Ever since 1976, SCOTUS has interpreted the quoted text of 28 U.S.C. §1251(a) not to mean that the Supreme Court must accept and try every case between two states, but rather to mean that if SCOTUS does not take the case then no other federal court can try the case either.  That 1976 case was Arizona v. New Mexico, and Justice Stevens dissented, saying (subject to an exception not important here), "I do not believe the comments which the Court has previously made about its nonexclusive original jurisdiction adequately support an order denying a State leave to file a complaint against another State."  Stevens took a similar position in the 1981 case of California v. West Virginia: "The fact that two sovereign States have been unable to resolve this matter without adding to our burdens does not speak well for the statesmanship of either party but does not, in my opinion, justify our refusal to exercise our exclusive jurisdiction under 28 U.S.C . 1251(a)."  Justice White took a similar position in the 1988 case of Louisiana v. Mississippi.
 
This controversy has not escaped the attention of published scholars.  For example, in a 1982 BYU Law Review comment, Julie Vick Stevenson wrote (at page 740): 
 
[I]t is clearly inappropriate to apply the 1251(b) discretionary test to section 1251(a)....The majority in Arizona v.
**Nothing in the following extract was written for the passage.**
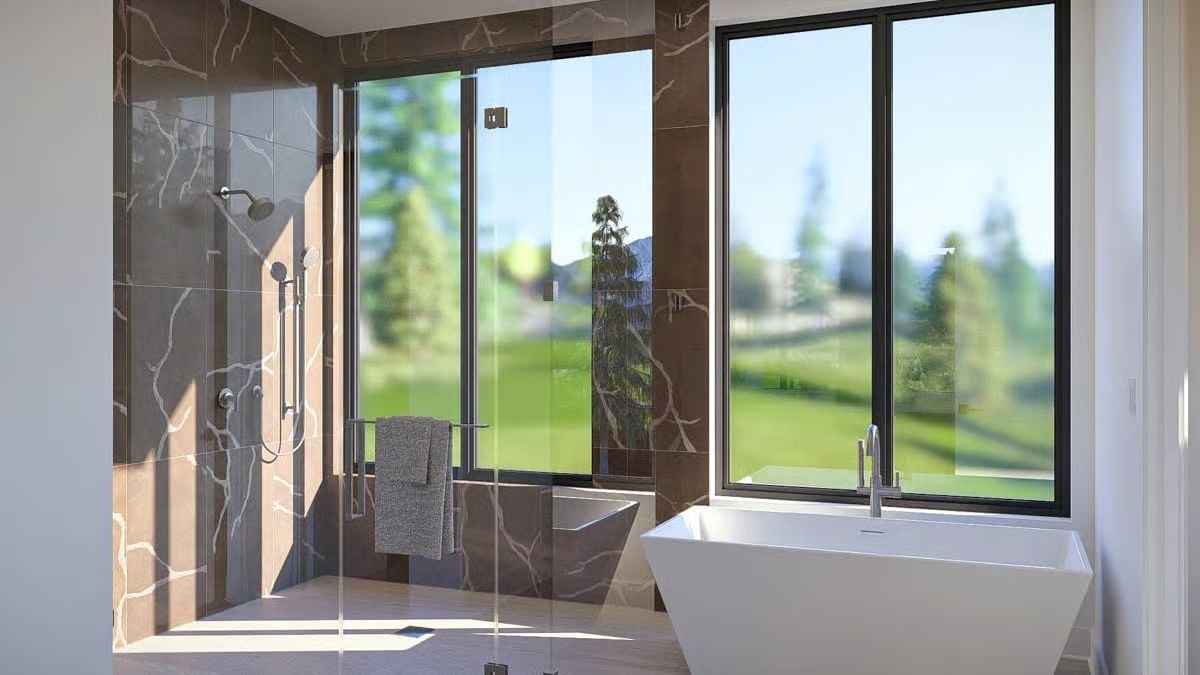 Marble-Clad Shower and a Soaking Tub Positioned to Catch the Green Below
New Mexico....based its decision on faulty analysis, applying the 1251(b) discretionary test to a 1251(a) situation....This course of action not only ignores the statutory distinction in section 1251, but also defeats the traditional purposes of the article III grant of original jurisdiction to the Supreme Court.
 
As Julie Vick Stevenson urged, let's consider the full text of 28 U.S.C. 1251:
 
(a) The Supreme Court shall have original and exclusive jurisdiction of all controversies between two or more States.
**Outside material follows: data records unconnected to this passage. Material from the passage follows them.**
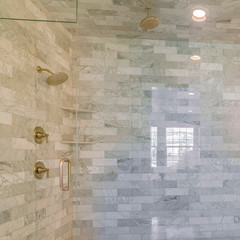 Square Interior of stone tiled contemporary bathroom teal tile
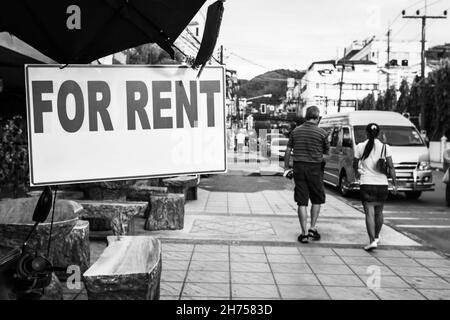 For Rent sign in the street, Thailand. Black and white urban photography, shallow DOF, focus on the signboard Stock Photo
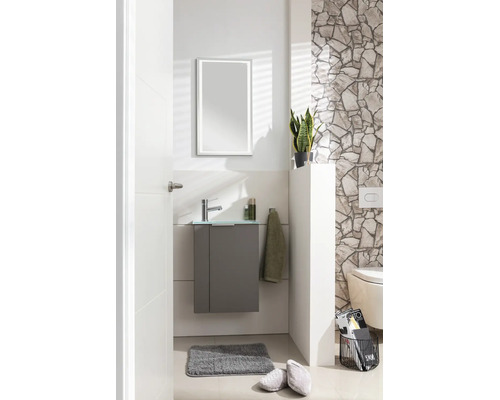 Toilettes d'invités modernes avec meuble gris sous-lavabo, vasque en verre, robinetterie chromée et miroir LED devant un mur en pierre naturelle.
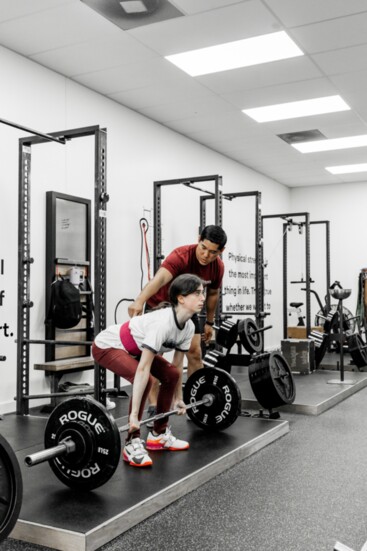 Pete coaches Zoey Applebaum as she prepares to do a set of deadlifts.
(b) The Supreme Court shall have original but not exclusive jurisdiction of:
(1)All actions or proceedings to which ambassadors, other public ministers, consuls, or vice consuls of foreign states are parties;
(2) All controversies between the United States and a State;
(3)ll actions or proceedings by a State against the citizens of another State or against aliens.
 
It is a very strange reading of this statute that attributes to Congress the intention to completely prohibit U.S. District Courts from trying a case between two states, merely because the U.S. Supreme Court won't be bothered to try the case.  A vastly more plausible interpretation is, as Julie Vick Stevenson urged, that 28 USC 1251(a) entitles two states to appear in the Supreme Court for trial, whereas 28 USC 1251(b) gives the Supreme Court discretion whether to operate as a trial court. This distinction in 28 USC 1251 dates all the way back to the Judiciary Act of 1789:
 
Sec. 13.  And be it further enacted, that the Supreme Court shall have exclusive jurisdiction of all controversies of a civil nature, where a state is a party, except between a state and its citizens; and except also between a State and citizens of other states, or aliens, in which latter case it shall have original but not exclusive jurisdiction.
 
Just like when you consider 28 USC 1251(a) in context of the whole section, this whole section of the Judiciary Act makes clear that it is not prohibiting the lower federal courts from trying any of the cases described just because the judges of the Supreme Court do not want SCOTUS to do it.  Such was the consistent understanding and practice from 1789 to 1976, and I am not aware that anyone has ever suggested any reason why the framers of the Judiciary Act would possibly have wanted any case between states to be tried only in state court and not in federal court, at the mere discretion of SCOTUS.